Of course, this doesn’t mean that you shouldn’t test your fasting insulin level. Insulin tests are still legitimate clinical procedures used in the treatment and diagnosis of many illnesses. It simply means that we don’t have as much information as we would like. Hopefully that will change over the coming years, thanks to the ongoing efforts of academic researchers and test manufacturers.
How Do I Get My Insulin Tested?
As we mentioned above, insulin testing is not typically included as part of routine care. Fortunately, tests are still fairly easy for most people to obtain. You can either request one from your primary care doctor or work directly with a commercial laboratory.
The most common test—a fasting insulin test—requires a basic blood draw and may cost as little as $20. As the name suggests, you’ll need to abstain from food for eight hours before your blood sample is taken. The test results will probably be available in a day or two and will most likely be listed in microunits per milliliter (sometimes written as μU/mL, μIU/mL, or mU/mL). There is also a slightly more complex test available that paints a clearer picture of your metabolic health. It’s called HOMA-IR—the Homeostatic Model Assessment of Insulin Resistance. This test measures not just your fasting insulin but your fasting glucose. By analyzing these two numbers together, we can see how hard your body is working to control your blood sugar.

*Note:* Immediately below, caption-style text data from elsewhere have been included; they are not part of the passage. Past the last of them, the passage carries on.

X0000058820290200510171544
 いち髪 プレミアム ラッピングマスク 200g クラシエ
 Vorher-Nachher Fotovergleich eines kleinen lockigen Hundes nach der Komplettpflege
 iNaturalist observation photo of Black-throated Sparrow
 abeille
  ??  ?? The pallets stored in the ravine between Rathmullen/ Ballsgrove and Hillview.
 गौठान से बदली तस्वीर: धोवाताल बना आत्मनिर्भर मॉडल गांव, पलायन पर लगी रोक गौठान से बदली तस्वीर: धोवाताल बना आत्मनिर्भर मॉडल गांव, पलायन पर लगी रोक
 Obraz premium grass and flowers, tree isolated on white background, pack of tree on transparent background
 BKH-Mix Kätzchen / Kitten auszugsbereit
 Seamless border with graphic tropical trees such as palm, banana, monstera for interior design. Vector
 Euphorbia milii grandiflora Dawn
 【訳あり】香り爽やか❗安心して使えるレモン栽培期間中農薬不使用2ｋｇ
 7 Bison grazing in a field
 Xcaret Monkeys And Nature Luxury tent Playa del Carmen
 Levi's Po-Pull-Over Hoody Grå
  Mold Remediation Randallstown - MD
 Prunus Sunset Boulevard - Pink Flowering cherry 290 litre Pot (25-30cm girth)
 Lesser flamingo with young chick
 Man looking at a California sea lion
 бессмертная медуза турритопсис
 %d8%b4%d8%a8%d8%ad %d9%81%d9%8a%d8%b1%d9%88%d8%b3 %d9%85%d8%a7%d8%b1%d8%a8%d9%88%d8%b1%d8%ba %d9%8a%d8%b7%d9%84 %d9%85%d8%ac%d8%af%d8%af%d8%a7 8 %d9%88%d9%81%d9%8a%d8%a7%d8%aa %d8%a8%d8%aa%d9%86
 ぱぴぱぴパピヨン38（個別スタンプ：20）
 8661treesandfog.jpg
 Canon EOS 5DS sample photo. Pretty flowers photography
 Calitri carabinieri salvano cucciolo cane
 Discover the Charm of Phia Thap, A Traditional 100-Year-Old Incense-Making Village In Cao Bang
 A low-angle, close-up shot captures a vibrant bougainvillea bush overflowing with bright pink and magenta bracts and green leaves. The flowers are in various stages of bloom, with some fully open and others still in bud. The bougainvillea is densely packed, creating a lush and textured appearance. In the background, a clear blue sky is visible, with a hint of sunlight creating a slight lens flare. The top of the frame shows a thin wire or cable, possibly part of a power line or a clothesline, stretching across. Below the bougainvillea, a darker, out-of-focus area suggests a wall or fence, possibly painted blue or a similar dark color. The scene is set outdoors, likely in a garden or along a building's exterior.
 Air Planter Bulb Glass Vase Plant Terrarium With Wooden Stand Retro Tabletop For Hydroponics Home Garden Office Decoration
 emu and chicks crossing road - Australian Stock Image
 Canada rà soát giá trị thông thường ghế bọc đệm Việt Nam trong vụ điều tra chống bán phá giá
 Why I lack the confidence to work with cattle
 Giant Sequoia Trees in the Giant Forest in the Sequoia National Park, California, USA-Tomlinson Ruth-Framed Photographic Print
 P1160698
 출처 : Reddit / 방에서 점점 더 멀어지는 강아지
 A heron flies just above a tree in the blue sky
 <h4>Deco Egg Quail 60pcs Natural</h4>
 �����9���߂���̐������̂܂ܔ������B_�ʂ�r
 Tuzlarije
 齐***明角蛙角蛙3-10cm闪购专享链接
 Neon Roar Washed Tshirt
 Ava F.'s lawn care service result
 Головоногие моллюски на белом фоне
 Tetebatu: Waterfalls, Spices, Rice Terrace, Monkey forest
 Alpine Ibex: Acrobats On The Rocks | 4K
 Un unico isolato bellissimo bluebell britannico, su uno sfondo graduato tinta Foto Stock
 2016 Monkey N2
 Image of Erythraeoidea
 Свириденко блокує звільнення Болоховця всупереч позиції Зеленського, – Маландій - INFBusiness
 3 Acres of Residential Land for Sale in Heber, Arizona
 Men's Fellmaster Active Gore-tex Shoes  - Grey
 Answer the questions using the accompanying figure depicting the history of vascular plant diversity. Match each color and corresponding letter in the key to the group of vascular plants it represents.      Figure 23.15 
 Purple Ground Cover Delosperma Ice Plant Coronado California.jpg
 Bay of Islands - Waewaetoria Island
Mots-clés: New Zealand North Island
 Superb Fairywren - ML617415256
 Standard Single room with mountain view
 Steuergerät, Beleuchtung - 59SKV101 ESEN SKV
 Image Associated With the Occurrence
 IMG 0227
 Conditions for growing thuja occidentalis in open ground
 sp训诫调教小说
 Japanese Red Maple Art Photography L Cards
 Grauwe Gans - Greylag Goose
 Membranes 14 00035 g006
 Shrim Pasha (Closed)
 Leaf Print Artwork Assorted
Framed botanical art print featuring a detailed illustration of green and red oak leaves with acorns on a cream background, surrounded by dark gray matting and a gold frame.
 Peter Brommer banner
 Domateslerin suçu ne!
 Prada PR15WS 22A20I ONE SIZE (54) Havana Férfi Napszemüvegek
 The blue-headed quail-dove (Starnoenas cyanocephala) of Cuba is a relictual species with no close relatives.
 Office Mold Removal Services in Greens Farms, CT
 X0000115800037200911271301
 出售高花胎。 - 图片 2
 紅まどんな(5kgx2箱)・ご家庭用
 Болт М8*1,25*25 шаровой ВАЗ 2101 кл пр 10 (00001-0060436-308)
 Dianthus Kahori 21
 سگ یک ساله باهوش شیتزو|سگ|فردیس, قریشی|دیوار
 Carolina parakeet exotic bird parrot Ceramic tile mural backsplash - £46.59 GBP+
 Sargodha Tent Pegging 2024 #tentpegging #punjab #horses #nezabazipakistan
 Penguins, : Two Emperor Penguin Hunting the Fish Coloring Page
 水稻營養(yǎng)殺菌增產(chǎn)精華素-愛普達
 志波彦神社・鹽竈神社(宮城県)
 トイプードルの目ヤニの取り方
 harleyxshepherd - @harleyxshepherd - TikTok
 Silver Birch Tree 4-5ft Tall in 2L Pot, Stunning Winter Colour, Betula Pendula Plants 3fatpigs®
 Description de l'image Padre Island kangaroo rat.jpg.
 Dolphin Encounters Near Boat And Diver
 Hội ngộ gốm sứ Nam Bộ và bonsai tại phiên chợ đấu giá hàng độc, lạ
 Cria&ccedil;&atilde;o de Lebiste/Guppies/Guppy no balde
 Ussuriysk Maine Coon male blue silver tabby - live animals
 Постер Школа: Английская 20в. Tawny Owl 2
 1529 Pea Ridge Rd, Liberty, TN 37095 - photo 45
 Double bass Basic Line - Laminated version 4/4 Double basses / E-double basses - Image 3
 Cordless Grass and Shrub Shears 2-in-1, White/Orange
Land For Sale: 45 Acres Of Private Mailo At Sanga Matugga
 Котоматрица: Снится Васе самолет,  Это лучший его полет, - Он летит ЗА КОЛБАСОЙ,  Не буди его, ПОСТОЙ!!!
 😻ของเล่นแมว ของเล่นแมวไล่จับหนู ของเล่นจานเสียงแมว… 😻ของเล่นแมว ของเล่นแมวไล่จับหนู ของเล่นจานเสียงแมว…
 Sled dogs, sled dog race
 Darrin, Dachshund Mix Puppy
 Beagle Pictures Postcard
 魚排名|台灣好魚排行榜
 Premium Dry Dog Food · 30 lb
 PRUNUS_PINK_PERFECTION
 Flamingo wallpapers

Your HOMA-IR test score will be a single number. A score of 1 or less is generally interpreted as the healthy, insulin-sensitive range (though it could also mean low glucose or insulin levels), while a higher score may signify insulin resistance—but how high, exactly, is unclear. Some research groups have put the safe HOMA-IR ceiling at 1.775 in non-diabetic people; others have set it at 1.83; still others have designated a score of 2.5 as the insulin resistance threshold.
Note that the original mathematical formula used for HOMA-IR has been largely replaced by a more sophisticated model called HOMA2, so you may see this term in your test results. Finally, there is a way to infer your insulin sensitivity from a standard cholesterol test. When a doctor tests your lipid profile, the results typically include HDL, LDL, and triglycerides. For a directional approximation of your insulin sensitivity, just divide triglycerides by HDL. If you score above a certain cutoff, this may suggest insulin resistance; researchers have argued that this threshold varies by ethnicity. One group has proposed a ceiling of 2 for non-Hispanic Black people, 2.5 for African American men, and 3 for non-Hispanic White and Mexican-American people.
Note that this approach has limitations. Some research has set the insulin resistance cutoff higher, at 3.5, for this method. Other research has found that the score’s effectiveness in predicting insulin resistance depends on sex. And still other studies have found that its accuracy would improve if other variables—such as sex and waist circumference—were accounted for.